Brusca è anche colui che per ammissione del diretto interessato ha segnato la più grande sconfitta professionale e personale di Sabella: “Brusca per me era l’icona del male. La morte del piccolo Di Matteo è qualcosa che ancora oggi mi toglie il sonno. Gli errori che potremmo aver fatto durante le indagini, il fatto di non essere riusciti a salvare la vita a quel bambino. Quel 20 maggio del 1996 fu una liberazione, un grande trionfo dello Stato”.
Un’altra svolta fu l’avvio della collaborazione, tre giorni dopo la cattura: “Brusca l’avevamo affidato a un gruppo particolare della polizia penitenziaria. Mi chiama il dirigente di quel gruppo sul telefono crypto che avevo in ufficio e pronuncia le testuali parole, non le dimenticherò mai: «Comandi dottore, il bambino ha bisogno d’affetto, comandi». E mette giù il telefono. Era un codice. Il bambino era Giovanni Brusca, affidato alla protezione loro, e chiedeva l’affetto nostro, chiedeva di parlare con i magistrati. Il primo pensiero che ho avuto è stato «ma io quando lo incontro come faccio a stringergli la mano?» L’uomo Alfonso Sabella quella mano non l’avrebbe mai voluta stringere, non l’avrebbe mai stretta. Il magistrato Alfonso Sabella quella mano l’ha stretta, ma stringendo quella mano noi abbiamo cancellato dalla storia d’Italia lo stragismo corleonese. Ricordiamoci cosa avevano fatto gli stragisti corleonesi. A Brusca abbiamo trovato 10 lanciamissili terra-aria a Giambascio (oltre a due lanciagranate anticarro, una trentina di granate e cariche supplementari di lancio, ndr), più di 400 kalashnikov, quintali e quintali di esplosivo, io sono venuto a dissotterrare a Formello vicino a Roma 200 chili di Semtex che dovevano mettere davanti alla Torre di Pisa. Senza i collaboratori di giustizia tutto questo l’avremmo potuto fare? Oggi se siamo a questo livello nella lotta alla mafia lo dobbiamo anche, anche, alla legge sui collaboratori di giustizia”.

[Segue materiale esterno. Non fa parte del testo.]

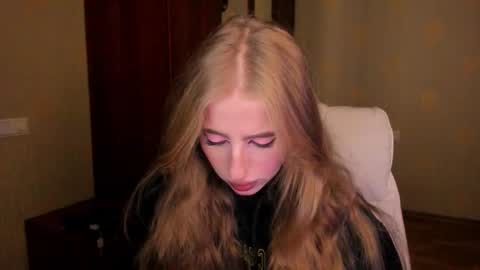 Julia online show from November 12, 5:30 am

Sabella invita poi a ricordare la faccia di Carlo Azeglio Ciampi che arriva in piazza della Signoria quando la mafia aveva messo la bomba alla più grande pinacoteca del mondo: “Era la notte della Repubblica. Era un momento in cui la mafia stava facendo allo Stato una guerra da paura. Avevano messo le bombe a San Giovanni in Laterano e a San Giorgio in Velabro, i morti a Milano alla Galleria d’arte moderna. La Torre di Pisa volevano far saltare in aria questi signori. Questo stragismo non esiste più anche grazie alla collaborazione di Brusca. Brusca mi ha dato un’indicazione che poi mi sarebbe stata utile per arrestare Vito Vitale, l’ultimo dei corleonesi stragisti di quel gruppo. Mi ha dato indicazioni utilissime per arrestare Pietro Aglieri, il numero due di Cosa Nostra in quel momento”.
Se quella stagione è chiusa, non si può voltare pagina anche riguardo a questa legge? “Ma la mafia – argomenta al riguardo Sabella – non è mica scomparsa. È scomparsa la mafia 3.0, quella che sfidava lo Stato. La mafia 4.0, quella che invece ha capito che probabilmente è più facile comprarselo lo Stato, credo che sia ancora presente. E io non me la sento di dire che questo è un Paese libero dalla mafia. Quello che dico sempre quando vado a parlare nelle scuole è «Ragazzi, la mia generazione ha fallito, ora tocca a voi. Noi non siamo riusciti a consegnarvi un Paese libero da mafia, da corruzione e da malaffare. Ora il compito tocca a voi». E credo che la legge sui collaboratori di giustizia sia uno strumento ancora oggi indispensabile”.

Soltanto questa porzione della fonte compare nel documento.